# Amazon EKS cluster metrics

This example demonstrates how to monitor your Amazon Elastic Kubernetes Service
(Amazon EKS) cluster with the Observability Accelerator's
[EKS monitoring module](https://github.com/aws-observability/terraform-aws-observability-accelerator/tree/main/modules/eks-monitoring).

Monitoring Amazon Elastic Kubernetes Service (Amazon EKS) for metrics has two categories:
the control plane and the Amazon EKS nodes (with Kubernetes objects).
The Amazon EKS control plane consists of control plane nodes that run the Kubernetes software,
such as etcd and the Kubernetes API server. To read more on the components of an Amazon EKS cluster,
please read the [service documentation](https://docs.aws.amazon.com/eks/latest/userguide/clusters.html).
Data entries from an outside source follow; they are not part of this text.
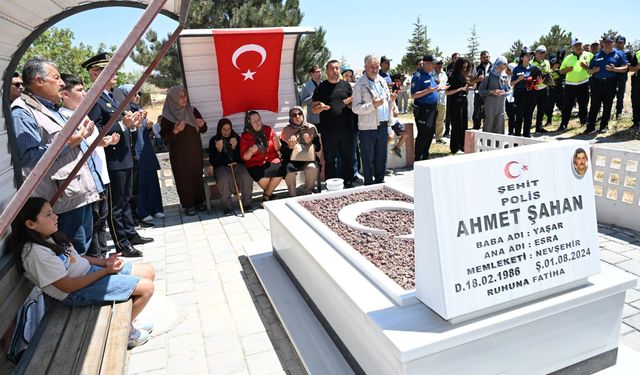 Nevşehirli Şehit Polis Memuru Ahmet Şahan Kozaklı'daki Kabri Başında Anıldı
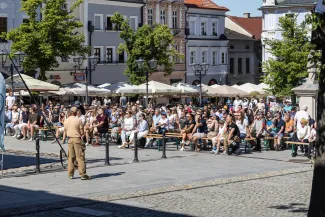na zdjęciu osoby podczas kibicowania 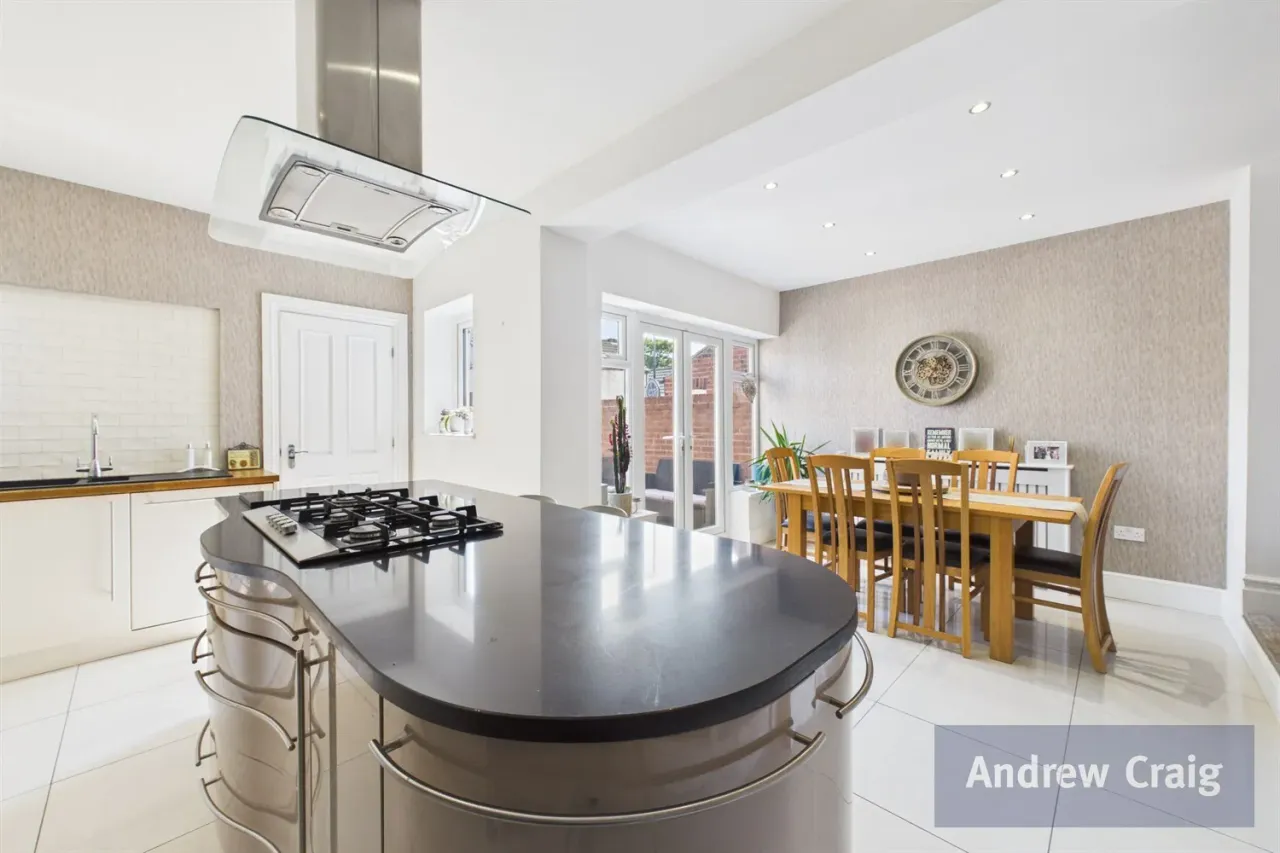 5 bed house for sale, Featherstone Street, Roker, SR6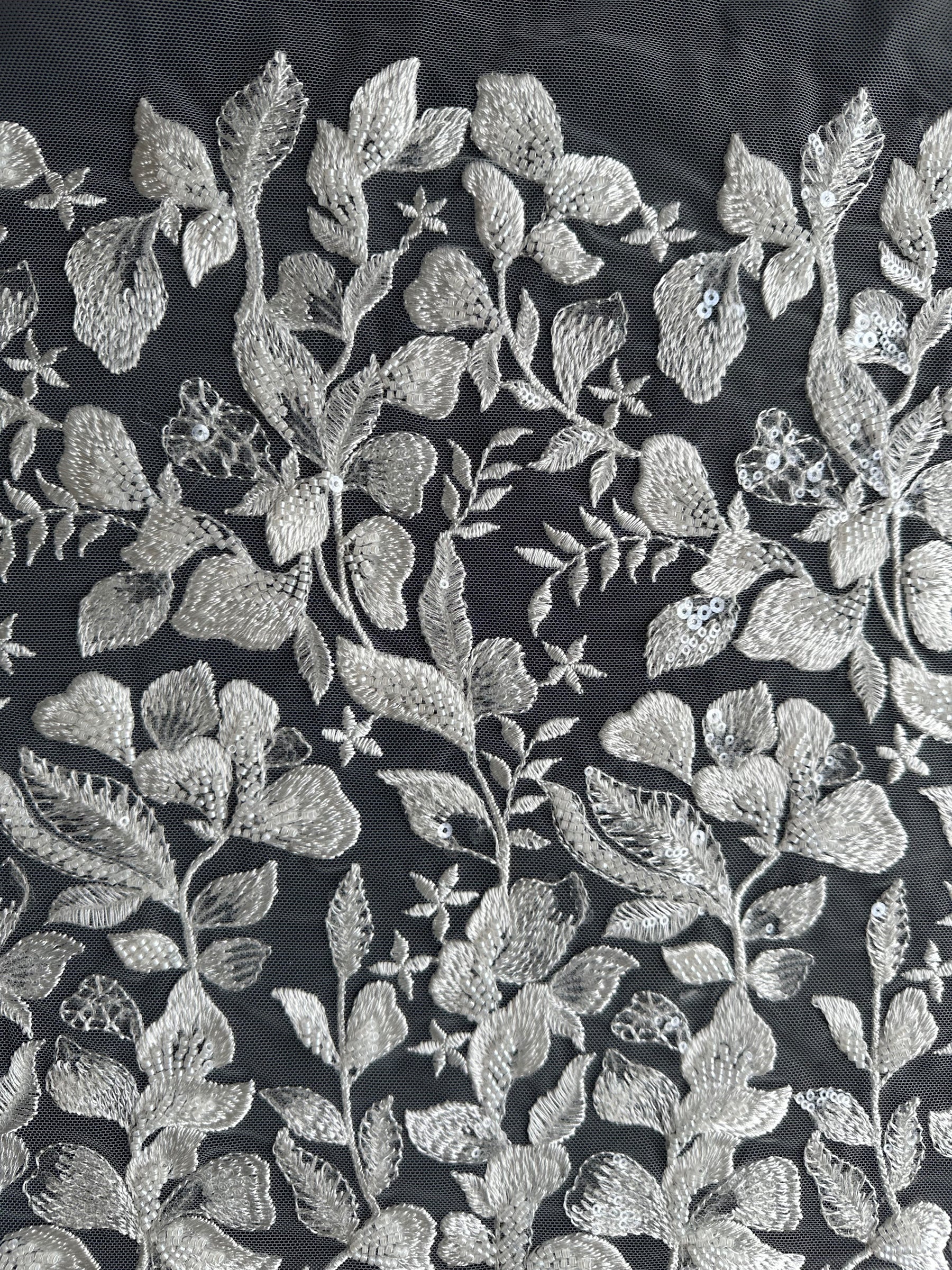 Dentelle brodée de perles ivoire - Cheney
The Amazon EKS infrastructure Terraform modules focuses on metrics collection to Amazon
Managed Service for Prometheus using the [AWS Distro for OpenTelemetry Operator](https://docs.aws.amazon.com/eks/latest/userguide/opentelemetry.html) for Amazon EKS. It deploys the [node exporter](https://github.com/prometheus/node_exporter) and [kube-state-metrics](https://github.com/kubernetes/kube-state-metrics) in your cluster.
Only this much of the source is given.